I don't do weddings, I leave them to the pros ;-)  But when a family member gets married, I step up and do what I can!  I hauled my gear to a secluded location 350 miles from my home at the literal crack of dawn (the first click was shot at 6:45 am) and got a few keepers!

1.






2.





3.





4.





5.





6.





7.





8.





9.  and because dad is a seminary teacher and is very strict about all the kissing/hugging/snuggling, we posed a little gag shot for him


----------



## tirediron (Aug 19, 2015)

Very nice!


----------



## ronlane (Aug 19, 2015)

Nice set, the couple will love them. Dad will adjust (he better) lol.


----------



## twocolor (Aug 19, 2015)

ronlane said:


> Nice set, the couple will love them. Dad will adjust (he better) lol.

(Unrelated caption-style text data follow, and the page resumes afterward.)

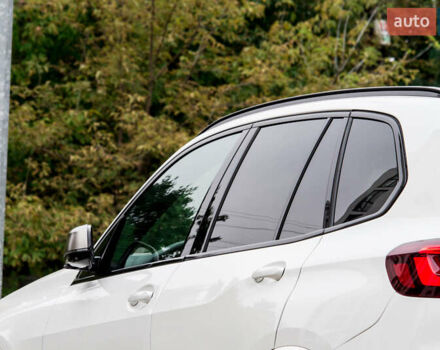 Білий БМВ Х5, об'ємом двигуна 4.39 л та пробігом 78 тис. км за 60500 $, фото 34 на Automoto.ua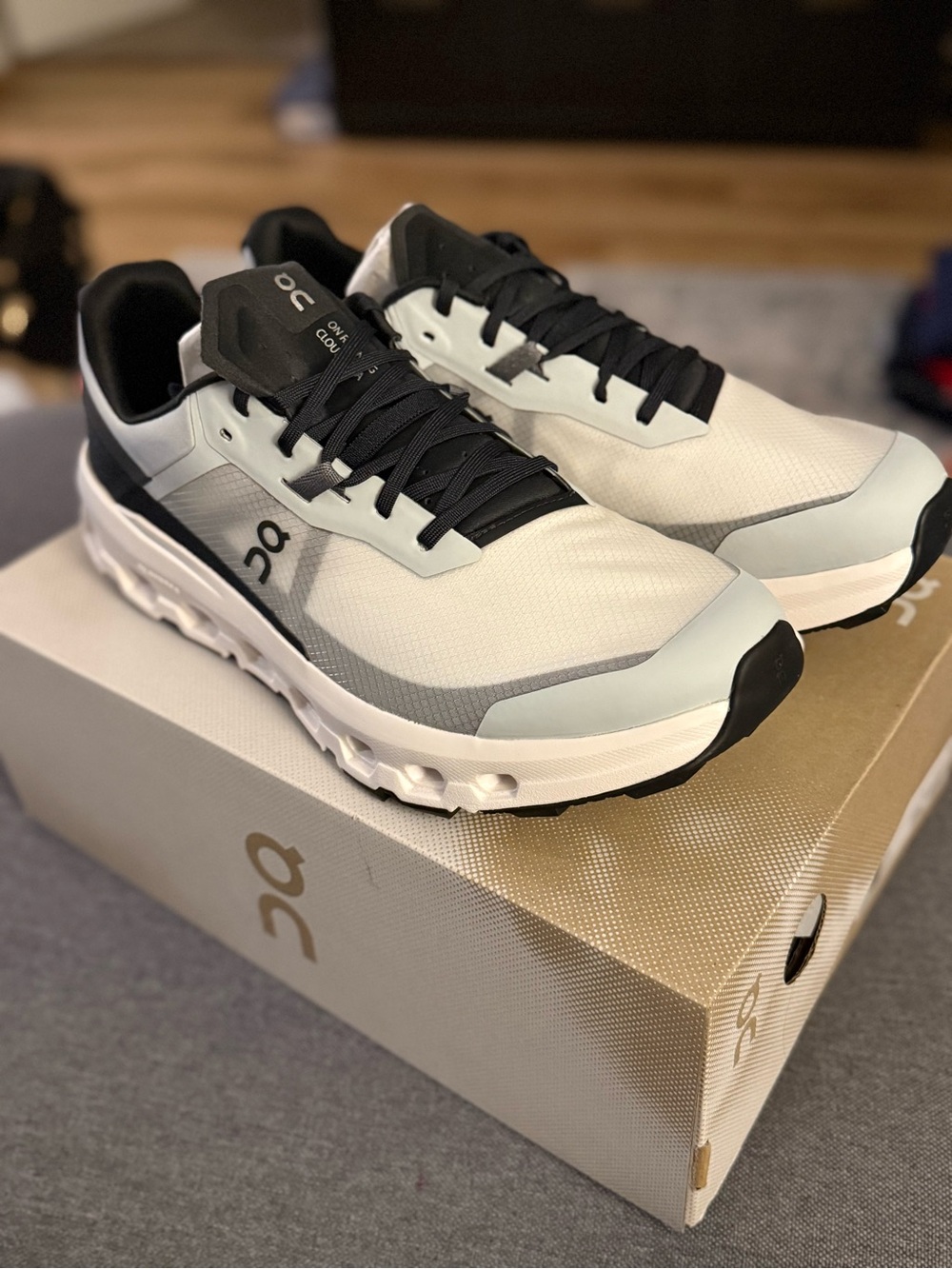 NWT Men’s On Running Cloudvista 2 Men's Hiking Shoes - Glacier/Eclipse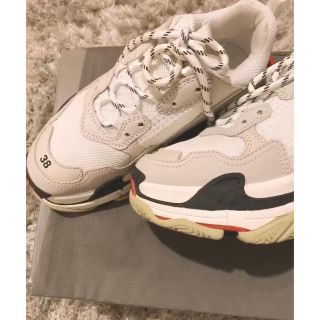 バレンシアガ(Balenciaga)の★専用★BALENCIAGA トリプルS シリーズ(スニーカー)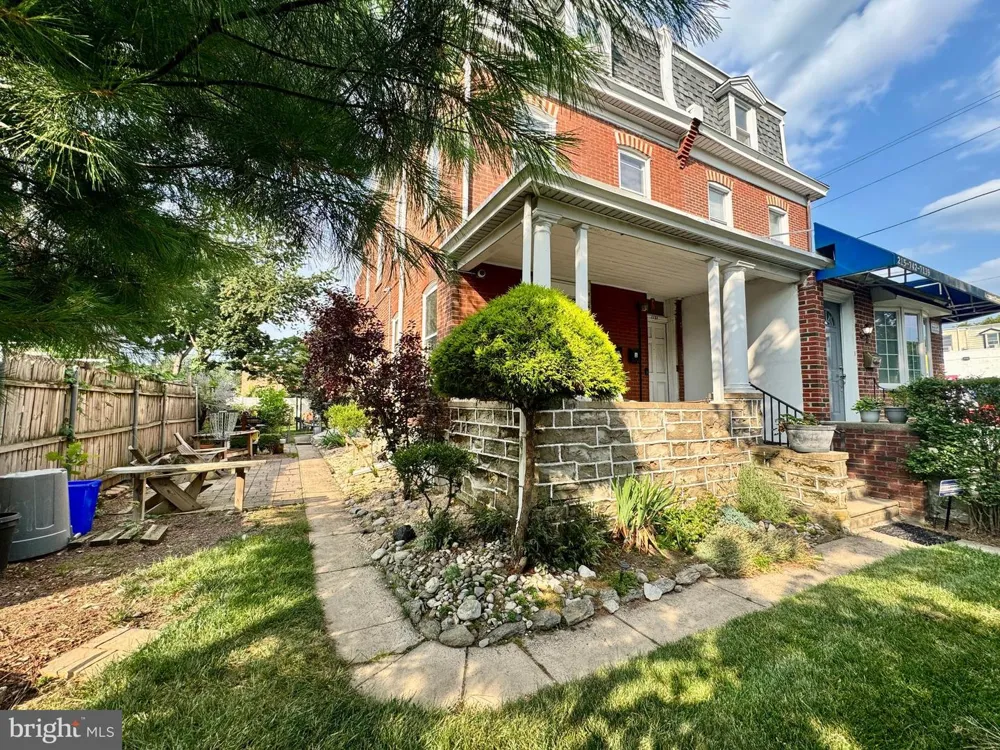 1131 COTTMAN AVENUE Philadelphia, PA 19111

This is his 2nd of EIGHT daughters to get married.... he better adjust quickly!  He was tricky during daughter #1's wedding day.  I grabbed the couple when he was busy and did a few snuggly/kissy shots when  he wasn't watching lol!


----------



## twocolor (Aug 19, 2015)

tirediron said:


> Very nice!


Thank you!


----------



## baturn (Aug 19, 2015)

Eight daughters? I guess he wasn't always against snuggling and kissing.
 As the others have said, it is a very nice set.


----------



## twocolor (Aug 19, 2015)

baturn said:


> Eight daughters? I guess he wasn't always against snuggling and kissing.
> As the others have said, it is a very nice set.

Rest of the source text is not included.